▶ WHAT IS REQUIRED
In the records below, repeat word for word only the lines starting at the one that contains "Бежевые Медицинские Капсулы" and ending at the one that contains "File picture of", pictures excluded.

▶ DATASET

────────────────────────────────────────

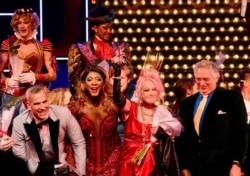 FILE - Jerry Mitchell, Matt Henry, Cyndi Lauper and Harvey Fierstein at the press night opening for "Kinky Boots," in London, Sept. 15, 2015.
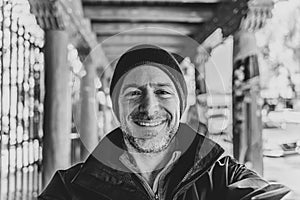 Man smiles at camera in foreground against dynamic breezeway in black and white photo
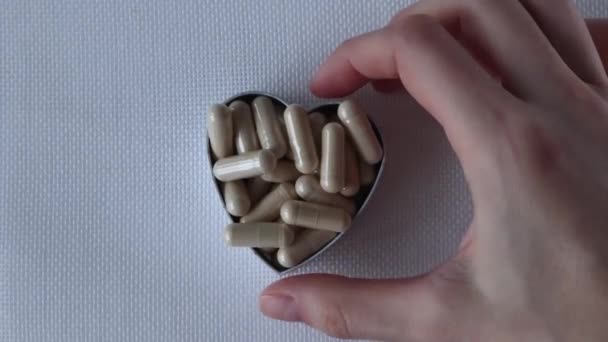 Бежевые Медицинские Капсулы Таблетки Добавки Сердце Белом Фоне Разбросанном Всей — стоковое видео
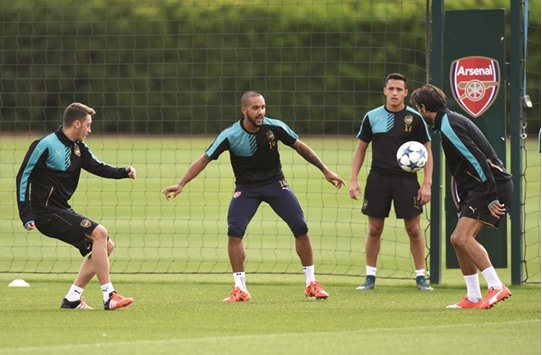 File picture of Arsenalu2019s Theo Walcott (C) training with Mesut Ozil (L).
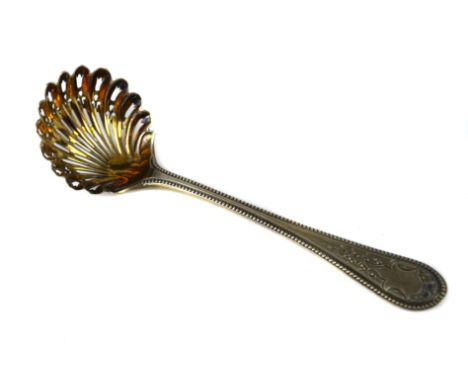 A Victorian silver sugar sifter ladle, of pierced gilded shell form bowl with beaded handle, Sheffield 1869, makers mark of R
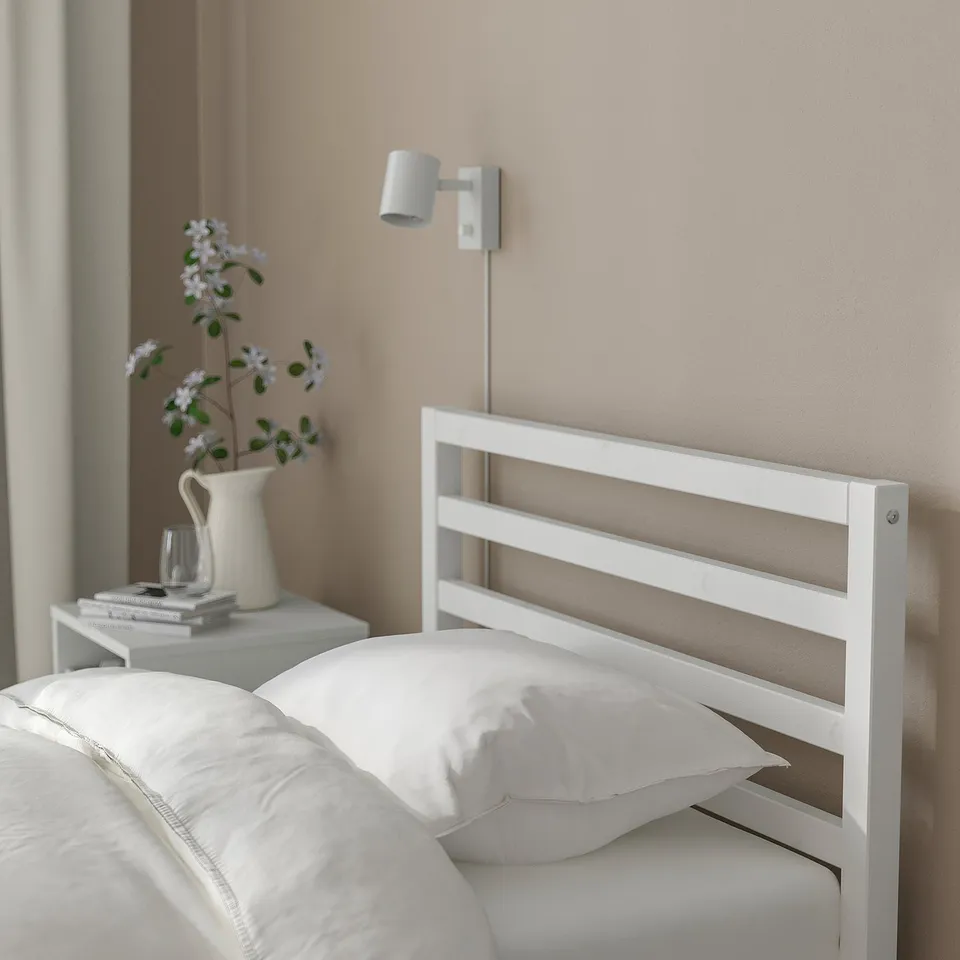 Bedroom: white bed, bedside table with flowers and books, wall light.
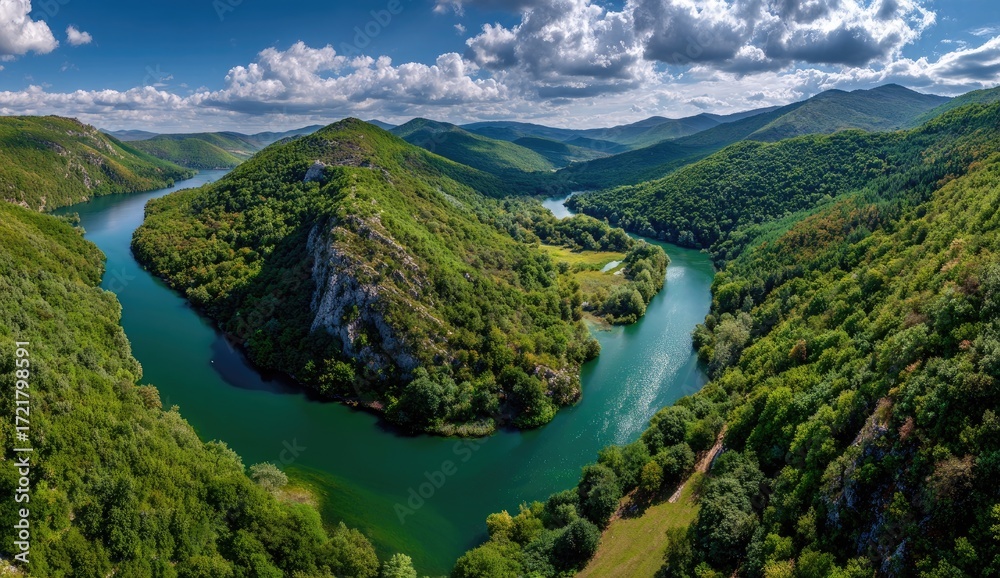 Fototapeta premium Serpentine river meanders through lush green hills and valleys under a partly cloudy sky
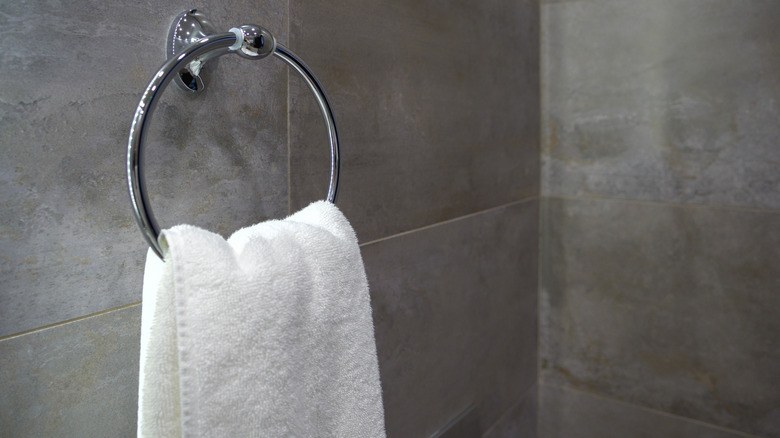 A fresh white towel hangs on a sleek metal towel ring on an elegant gray tiled bathroom wall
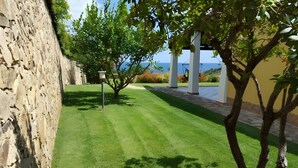 Un mur de pierres, une pelouse bien entretenue et une vue sur la mer.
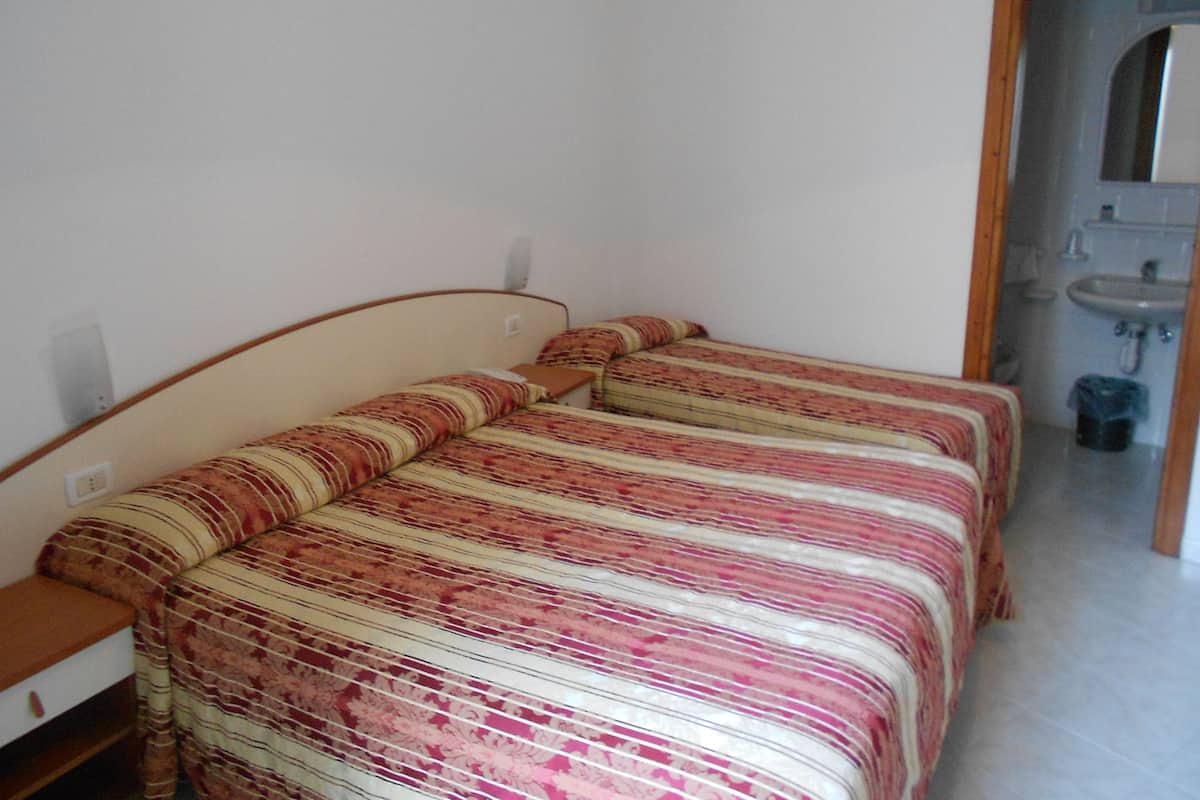 A small, single-room with a bed, a nightstand, and a bathroom visible through an open door.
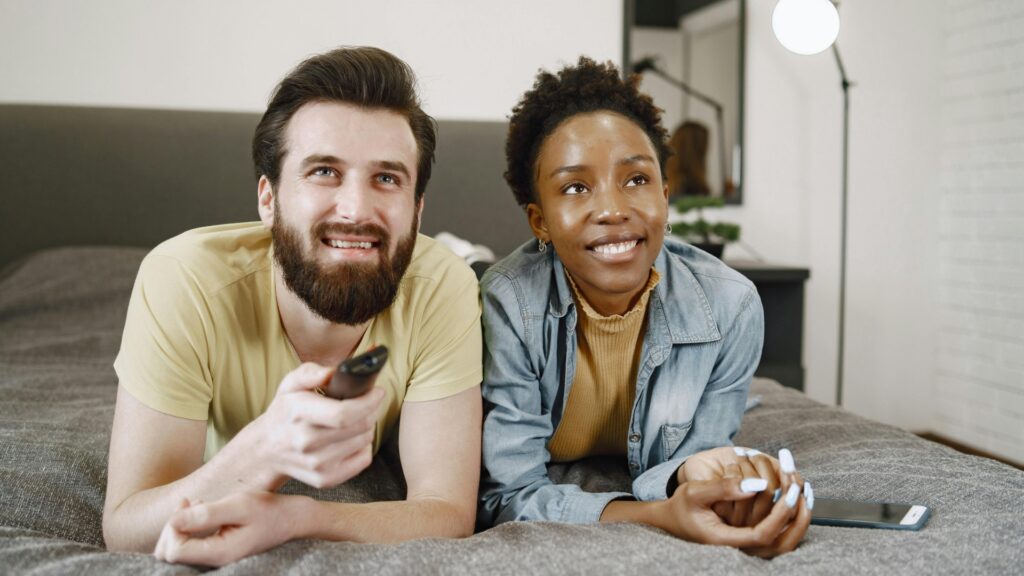Casal assistindo televisão juntos em uma sala de estar aconchegante em casa.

────────────────────────────────────────

▶ OUTPUT FOR THIS EXERCISE
 Бежевые Медицинские Капсулы Таблетки Добавки Сердце Белом Фоне Разбросанном Всей — стоковое видео
 File picture of Arsenalu2019s Theo Walcott (C) training with Mesut Ozil (L).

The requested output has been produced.